Redemption for DiPompeo
Something special was brewing the moment Thorold resident Giancarlo DiPompeo, Emerson Crick, Lucas Celia and Brock rower Connor Dodds climbed in a quad together June 17 in Welland at time trials for the under-23 national team.
“After our first time trial together, we knew we had a chance to medal this year and that was our goal. We put our sights on that and to be able to do that and execute was a great feeling,” DiPompeo said.
The Canadian lightweight quad capped a hard summer of training by winning a bronze medal at the world under-23 championships in Plovdiv, Bulgaria. It was the first international medals for all four of the athletes.
“It was just like we joked about being another day at the office. We raced in Welland just before we left and we joked that it was World Cup Welland. To be able to stand on that podium it was really cool to check that box, especially with the guys that I had been training with,” DiPompeo said.

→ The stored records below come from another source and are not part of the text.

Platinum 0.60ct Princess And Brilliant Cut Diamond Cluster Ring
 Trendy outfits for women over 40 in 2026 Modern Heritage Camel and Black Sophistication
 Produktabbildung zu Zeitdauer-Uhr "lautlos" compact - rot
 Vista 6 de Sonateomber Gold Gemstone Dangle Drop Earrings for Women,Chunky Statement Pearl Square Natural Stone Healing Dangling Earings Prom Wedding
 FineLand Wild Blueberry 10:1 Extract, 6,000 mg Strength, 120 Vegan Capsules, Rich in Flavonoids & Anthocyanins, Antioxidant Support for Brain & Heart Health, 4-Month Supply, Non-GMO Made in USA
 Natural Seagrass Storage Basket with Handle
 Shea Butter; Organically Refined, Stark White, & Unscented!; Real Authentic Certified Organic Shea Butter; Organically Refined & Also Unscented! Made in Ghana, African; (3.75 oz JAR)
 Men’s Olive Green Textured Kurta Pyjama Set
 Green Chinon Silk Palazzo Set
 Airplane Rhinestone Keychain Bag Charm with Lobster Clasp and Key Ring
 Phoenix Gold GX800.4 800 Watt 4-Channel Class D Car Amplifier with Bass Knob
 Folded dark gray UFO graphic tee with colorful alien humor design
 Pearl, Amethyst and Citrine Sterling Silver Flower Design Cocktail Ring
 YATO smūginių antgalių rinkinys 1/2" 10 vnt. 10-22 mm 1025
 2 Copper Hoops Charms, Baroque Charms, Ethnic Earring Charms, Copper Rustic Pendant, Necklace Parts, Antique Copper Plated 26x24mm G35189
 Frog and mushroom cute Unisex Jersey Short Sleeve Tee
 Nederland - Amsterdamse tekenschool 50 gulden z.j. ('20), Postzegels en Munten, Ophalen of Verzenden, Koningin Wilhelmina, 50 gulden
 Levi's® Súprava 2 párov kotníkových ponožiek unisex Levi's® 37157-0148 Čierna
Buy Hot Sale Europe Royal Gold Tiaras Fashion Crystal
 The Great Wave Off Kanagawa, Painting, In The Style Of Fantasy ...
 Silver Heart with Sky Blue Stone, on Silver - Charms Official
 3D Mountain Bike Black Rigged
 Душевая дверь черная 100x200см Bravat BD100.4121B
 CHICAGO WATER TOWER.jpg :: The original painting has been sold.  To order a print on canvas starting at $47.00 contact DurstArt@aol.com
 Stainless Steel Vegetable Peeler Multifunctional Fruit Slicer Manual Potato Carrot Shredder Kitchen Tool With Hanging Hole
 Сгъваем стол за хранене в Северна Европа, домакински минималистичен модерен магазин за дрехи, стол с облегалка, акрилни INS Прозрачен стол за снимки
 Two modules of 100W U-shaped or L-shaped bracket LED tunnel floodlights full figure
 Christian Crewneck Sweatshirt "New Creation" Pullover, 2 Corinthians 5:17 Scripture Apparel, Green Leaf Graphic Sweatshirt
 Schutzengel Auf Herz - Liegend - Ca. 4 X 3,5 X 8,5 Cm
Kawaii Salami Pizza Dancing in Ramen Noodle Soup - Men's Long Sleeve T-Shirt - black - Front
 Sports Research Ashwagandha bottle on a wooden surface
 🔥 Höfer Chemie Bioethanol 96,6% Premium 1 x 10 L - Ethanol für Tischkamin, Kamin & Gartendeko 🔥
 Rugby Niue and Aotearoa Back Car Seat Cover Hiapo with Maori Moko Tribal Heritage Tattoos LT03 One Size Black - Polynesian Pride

Canada got off to a great start and ended up third behind the Italian and German boats.
“I was really excited. It was a solid race and everything was executed very well.”
The Denis Morris graduate was thrilled to receive the medal.
“I was in a lot of pain when I first finished the race. I kind of flopped myself down on the dock and relaxed a little bit. We really didn’t get a chance to cool down,” the University of Victoria scholarship rower said. “It was a very special moment. We all worked pretty hard to achieve it and we were a pretty tight knit crew.”
It was DiPompeo’s second experience competing on the course in Bulgaria. He was part of a Canadian quad that competed there at the under-19 worlds in 2019 and that experience helped in 2023.
“It was nice to know the course a little bit. I was able to let the crew know about the float pattern and where to go. It helped prepare me because I knew what the conditions would be like where the wind was and how hot it would be.”
Canadian coach Mary Rao was also at the junior worlds and the two’s combined knowledge was a bonus.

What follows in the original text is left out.